Tout est de l’ordre des représentations mentales, aussi bien l’illusion fantasmagorique d’un fiancé fictif que le déni de réalité d’un adversaire qui vous martèle quotidiennement de Baalbeck à Nabatiyeh et auquel on n’ose se mesurer. Alors, chercher à détourner notre attention en s’en prenant à Wajdi Mouawad relève de l’incongru et du facétieux! Ce qui nous donne une idée de l’incertitude qui règne dans les états-majors des guerriers d’Allah et du désarroi qui gangrène les rangs de ses fantassins.

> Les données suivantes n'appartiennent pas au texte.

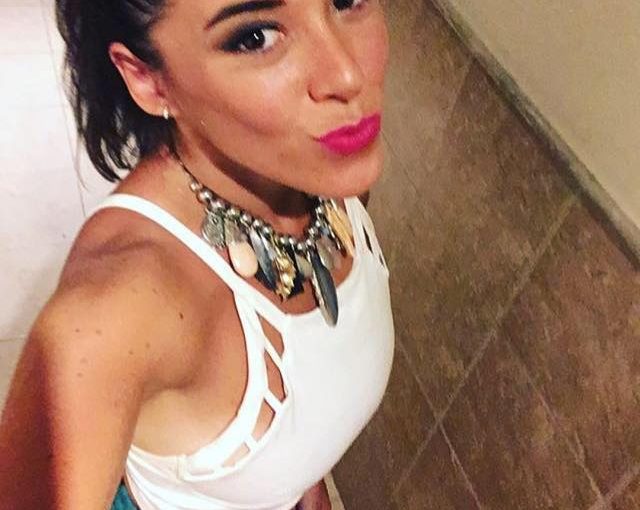 Carla Vallejos Blanco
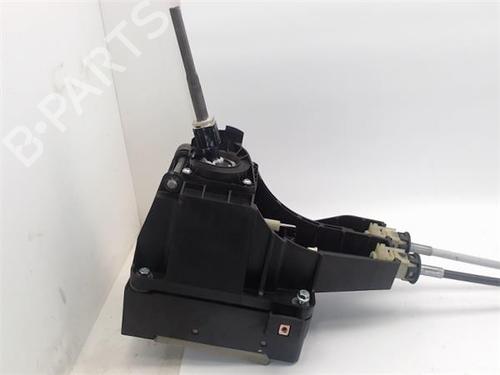 Gear lever OPEL ASTRA J (P10) 1.6 (68) | BP16767073M90 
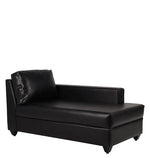 गैलरी व्यूवर में इमेज लोड करें, Detec™ Fritz Lounger -  Black Color
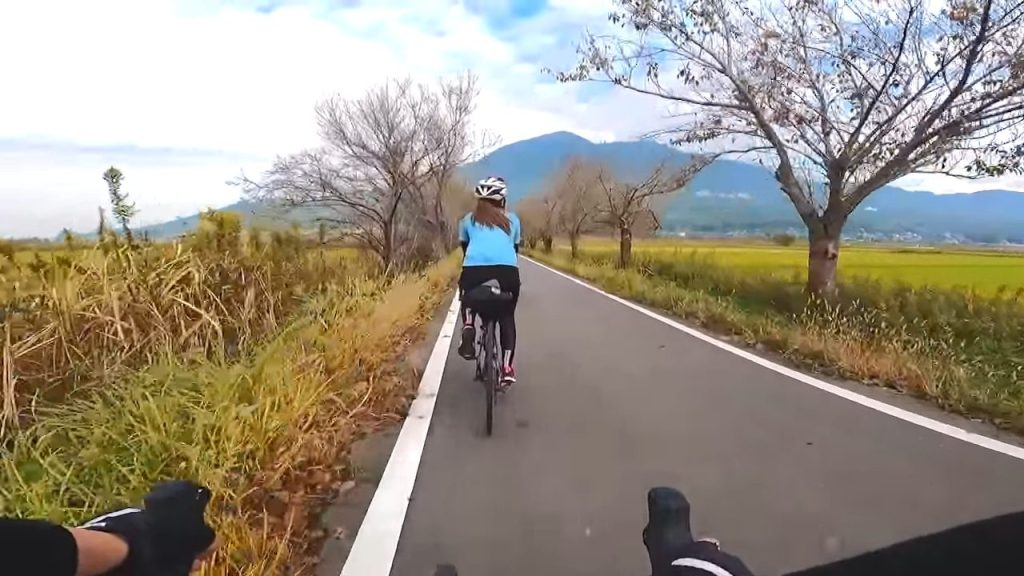 茨城(潮来)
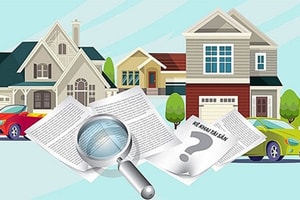 Những tài sản, thu nhập của người có chức vụ phải công khai hằng năm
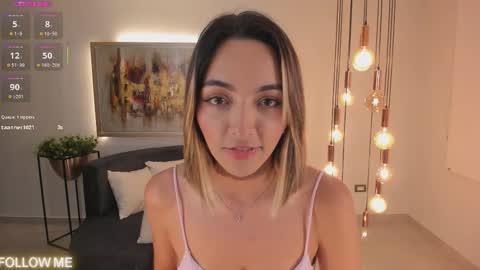 Call me Meli online show from October 10, 3:05 am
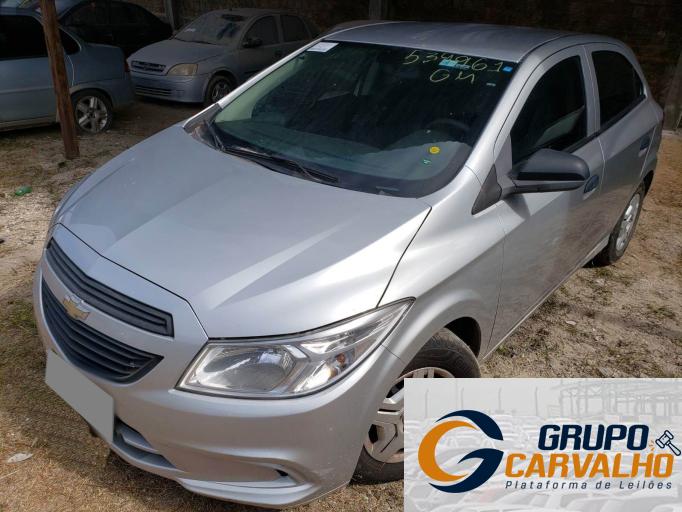 CHEVROLET ONIX 16/17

Avec Pascal Sleiman, on a rallumé la mèche

Le Hezbollah pourra bien calibrer ses ripostes, il ne saurait tenir indéfiniment sous les coups de boutoir israéliens. Certes, il évite de tomber dans le piège que les provocations quotidiennes lui tendent. Mais il a beau faire, il se rapproche inéluctablement du jour de la grande épreuve. Car, parallèlement aux évènements qui se précipitent sur le front des troupes, il y en a d’autres plus graves encore sur la scène intérieure libanaise. L’assassinat de Pascal Sleiman a pu révéler l’ampleur de l’hostilité qui prévaut entre confessions religieuses: tous les ingrédients d’une guerre civile sont rassemblés, dites-le-vous bien! On a beau essayer de camoufler cet attentat ignoble en un crime crapuleux et d’en faire porter la responsabilité à un gang constitué de Syriens, rien n’empêchera la rumeur publique de dénoncer nommément l’axe de la Moumanaa en ses diverses officines.  Jusque-là, on ne sait pas dans le détail les tenants et les aboutissants de la liquidation du responsable FL de la région de Jbeil. Mais la mobilisation confessionnelle qui s’en est suivie nous rappelle la fureur instinctive qui a prévalu lors du déclenchement de la guerre des deux ans en 1975.

Messieurs les Cromagnons, votre casier judiciaire vous "honore", mais ne nous intimide pas. Pour la bonne règle, gardez à l’esprit que vous ne pourrez prendre le Mont-Liban comme vous avez pris Beyrouth en mai 2008.

[email protected]

1-Cf. Diffamation: Wajdi Mouawad, victime d’une campagne pour normalisation avec Israël, ICI Beyrouth, 6 avril 2024.

2-Belinda Ibrahim, Journée de noces chez les Cromagnons. Le cri originel de Wajdi Mouawad, ICI Beyrouth, 30 mars 2024.